The firm’s stunning collapse in March 2008 “was due to overwhelming market forces that Bear Stearns . . . could not resist,’’ Cayne testified yesterday before the congressionally chartered Financial Crisis Inquiry Commission. “Considering the severity and unprecedented nature of the turmoil in the market, I do not believe there were any reasonable steps we could have taken, short of selling the firm, to prevent the collapse that ultimately occurred.’’
Members of the panel said Bear Stearns’s mounting debt and reliance on rival banks for tens of billions in loans on a daily basis must have played a role.
“It appears the financial crisis was an ‘immaculate calamity’; no one was responsible,’’ said panel chairman Phil Angelides.

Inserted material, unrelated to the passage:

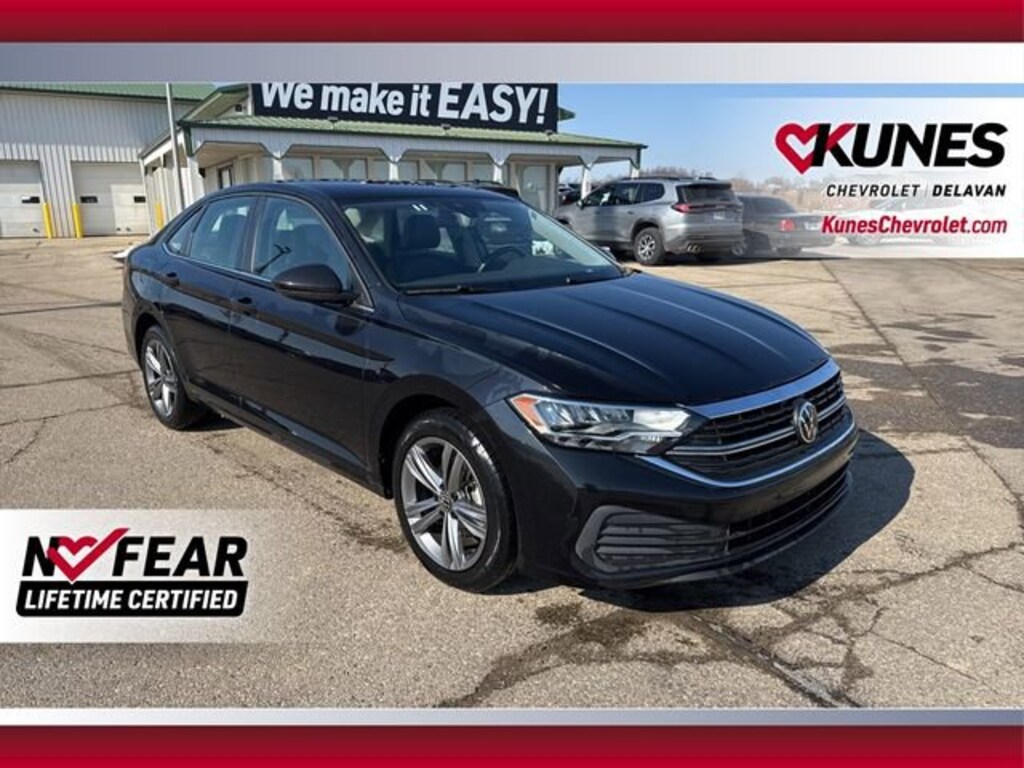 Used 2024 Volkswagen Jetta SE
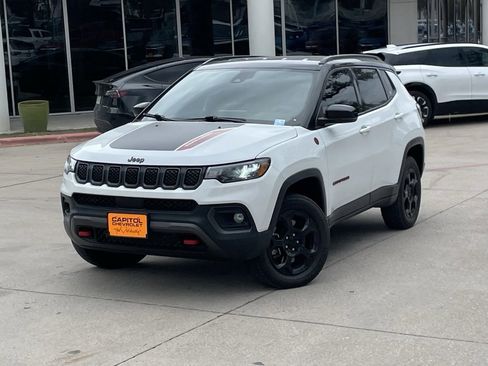 Used 2024 Jeep Compass Trailhawk image 9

The panel is investigating the roots of the crisis that plunged the country into the most severe recession since the 1930s and brought losses of jobs and homes for millions of Americans.
The role of federal regulators also came under scrutiny by the panel. Lawmakers and investor advocates have criticized the Securities and Exchange Commission’s oversight of Wall Street firms during and after the crisis.
The “Big Five’’ investment banks — including Bear Stearns — were in a voluntary program of supervision by the SEC established in March 2004.
Former SEC chairman Christopher Cox terminated the program in September 2008. He testified yesterday that it was “fundamentally flawed from the beginning.’’ Cox said the SEC lacked the legal authority to act as regulator of big investment bank holding companies.
Cayne was Bear Stearns’s chief executive until January 2008. Also appearing was Alan Schwartz, who succeeded Cayne for a few months.
“It does seem to me that there was an extraordinary level of risk taken’’ by Bear Stearns, Angelides told Cayne. “That was the business. That was really industry practice,’’ Cayne responded. He did acknowledge, though, that in hindsight the mounting debt levels taken on by the bank were excessively high.
Cayne said “we made a conscious decision’’ in 2006 to move to using special loans from other investment banks, known as repurchase agreements, in the belief that would provide a more stable source of borrowing than commercial paper if the credit markets were to come under stress. The temporary loan “repos’’ are used by banks, hedge funds, and other investors to borrow against collateral.
Those loans grew to $50 billion to $60 billion overnight in the period before Bear Stearns failed.
Bear Stearns was the first Wall Street bank to blow up. It was caught in the credit crunch in early 2008 and foreshadowed the cascading financial meltdown in the fall of that year. The Federal Reserve orchestrated Bear Stearns’s rescue buyout by JPMorgan Chase & Co.